The Listeria root cause was traced to one of the Baja plant’s freezing tunnels, which is no longer in operation, explained Greenyard. As such, according to a press release issued to the media, the company is now “ready to safely supply customers with products from our Hungarian facility, and regrets the impact the potential contamination case and recall has had on customers and consumers.”

The statement went on to emphasize: “Health and food safety remain our No. 1 priority, and Greenyard is now taking a leading role in the frozen sector to increase industry standards in close collaboration with sector representatives.”

Horticulture Unit Divestment

On September 21 the company announced that deal has been reached to sell its horticulture business (including Greenyard Mycoculture) to Straco, a Gent, Belgium-headquartered investment and private equity firm, for €120 million.

Greenyard Horticulture is a market leader in Belgium, France, Poland and Ukraine for growing media and mushroom substrates, exporting to more than 60 countries with 14 facilities in Europe and Russia. Pursuant to the agreement, all operations and assets of the unit will be transferred to Straco.

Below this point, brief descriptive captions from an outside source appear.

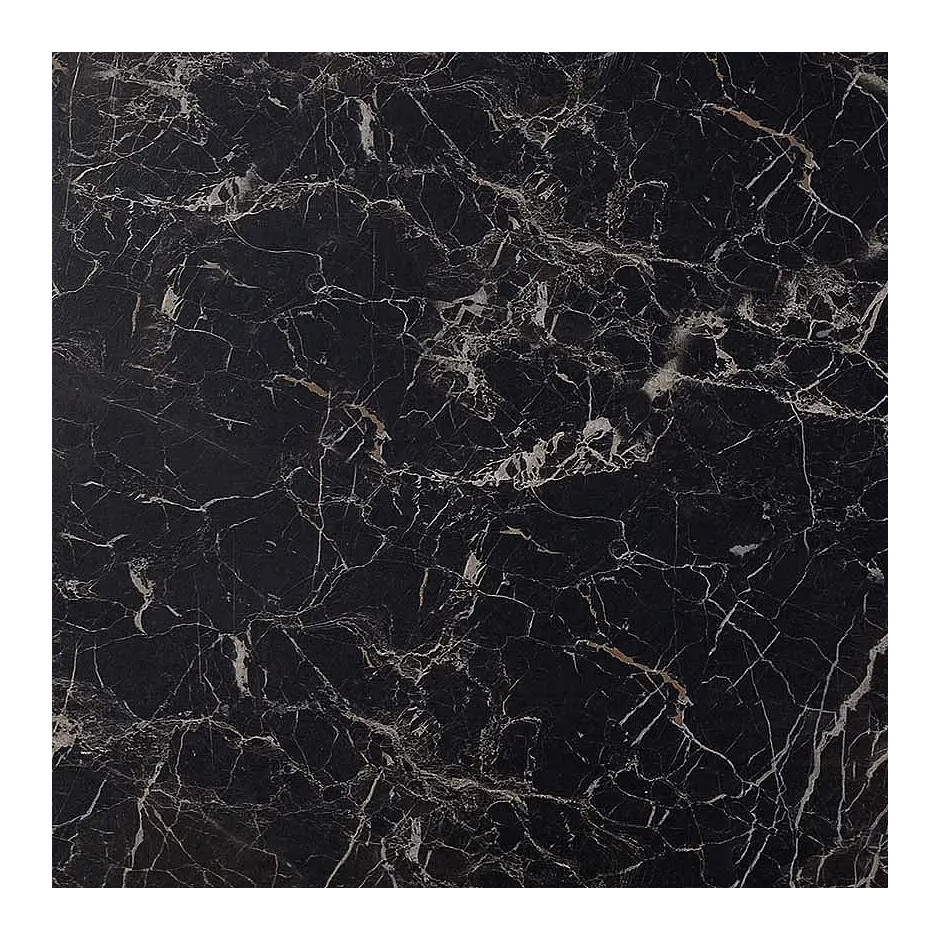 Marazzi Allmarble Saint Laurent Naturale 60x120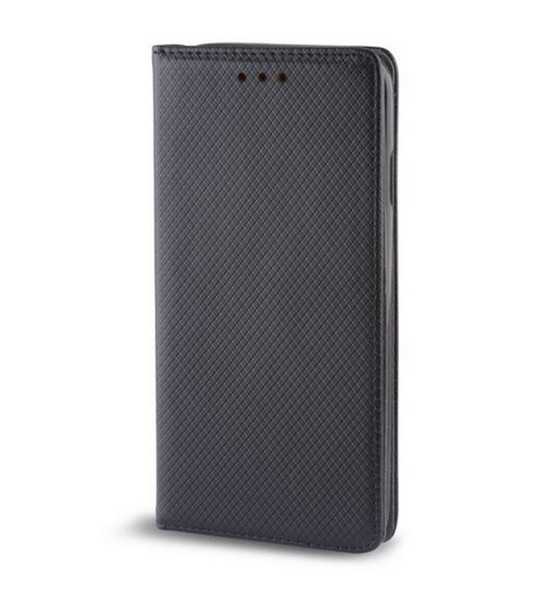 Usnjena torbica za iPhone 16e z režami za kartice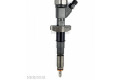 Vstřikovač 0445110038, 0986435016 Renault Espace III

“Today, our focus is needed on improving profitability again and on deleveraging our balance sheet,” said CEO Hein Deprez. “In our two other segments, fresh and long fresh (frozen products), our strategy to build strong relationships with customers remains intact. We remain keen on cooperating with growers and retailers to develop with them new concepts that create value for all parties in the chain. This reorientation towards our fresh and long fresh segments will allow more focused management’s attention and a faster implementation of impactful operational improvement actions for internal profitable growth.”

€0.20 Dividend Per Share

Meanwhile, a gross dividend of €0.20 for AY17/18 was declared during an extraordinary shareholders’ meeting in Sint-Katelijne-Waver on September 21. It will be payable on October 4.

Chief Operating Officer Carl Peeters, acknowledging that Greenyard’s performance missed expectations, said that lower profitability was particularly due to volume losses in the fresh produce markets of Germany and Belgium.